The Ambassador in Cuba (Crowder) to the Secretary of State

No. 968

Sir: I have the honor to report to the Department that quite recently the Minister of Foreign Affairs of Cuba approached this [Page 15] Embassy as to the advisability of negotiating a Consular Treaty between the two countries. In the conversation which ensued I invited his attention to the fact that a Treaty of this general character had been drafted by the Fourth Pan-American Conference, held at Buenos Aires in 1910;4 that subsequent thereto I had signed, with Mr. Wilbur Carr now Assistant Secretary of State, a memorandum on this general subject; and that I was unaware whether the said Treaty had been ratified by any of the twenty-one [sic] Republics participating in said conference, or as to the action taken on the memorandum above referred to.

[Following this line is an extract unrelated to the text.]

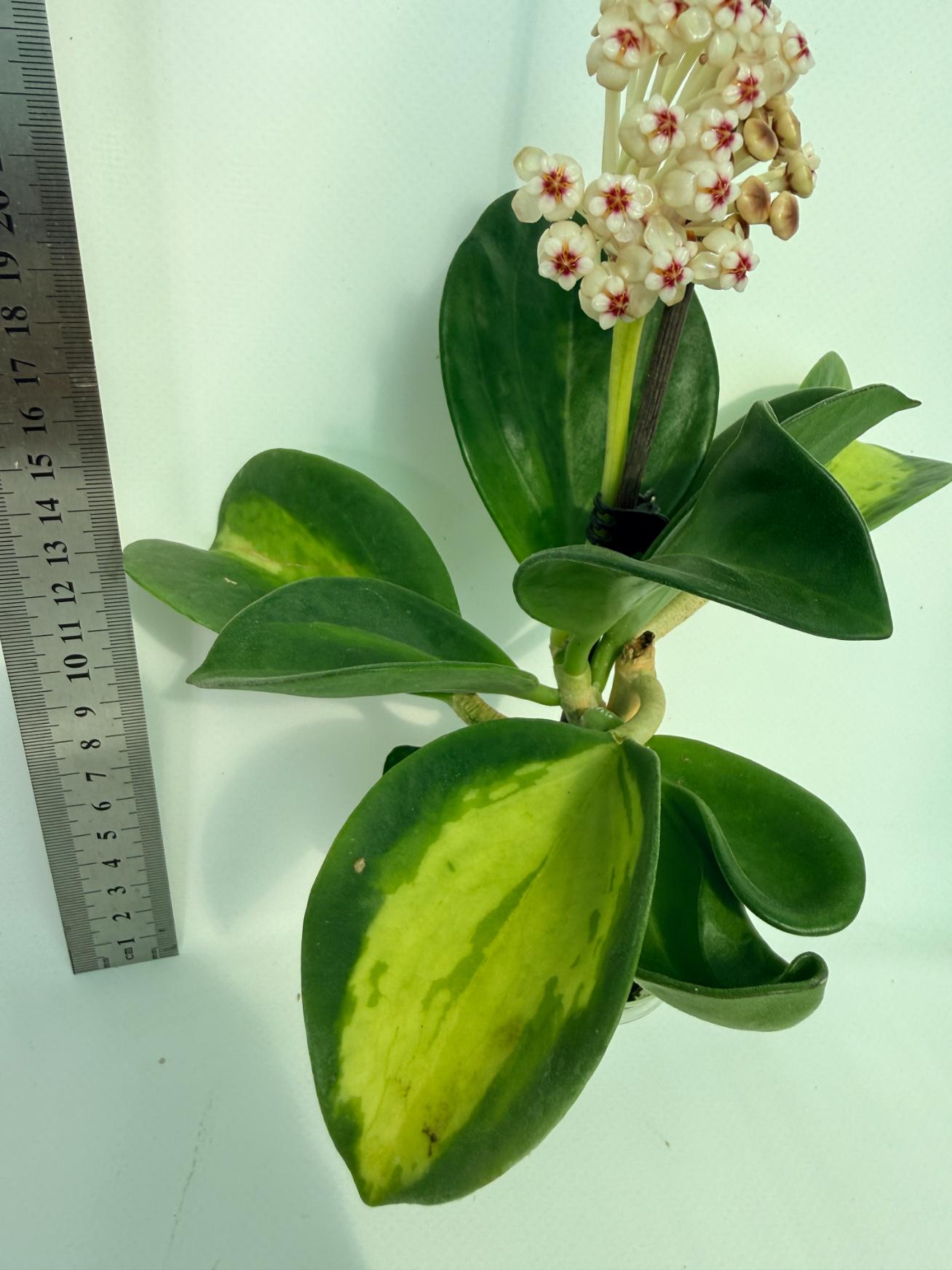 Hoya Pachyclada inner variegation 4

I respectfully request that the Embassy be furnished English copies (not procurable here) of said Treaty and memorandum and, likewise, information as to whether the Department deems it opportune at this moment to enter upon negotiations with the Cuban Government of the character referred to. I was a member of the Fourth Pan-American Conference in 1910 and of the Committee thereof which dealt with consular administration of the several countries. I recall the wide diversity as to consular requirements respecting shipments which the study of the Committee revealed and likewise the urgent necessity which, in the minds of the Committee, existed for a Treaty which would introduce greater uniformity in this regard.

I have [etc.]

E. H. Crowder
  1. No consular treaty appears to have been drafted at the Fourth International Conference of American States; see 4th paragraph of Department’s instruction No. 442, Mar. 11, 1925, to the Cuban Ambassador, p. 17. For correspondence concerning the Fourth International Conference, see Foreign Relations, 1910, pp. 12 ff.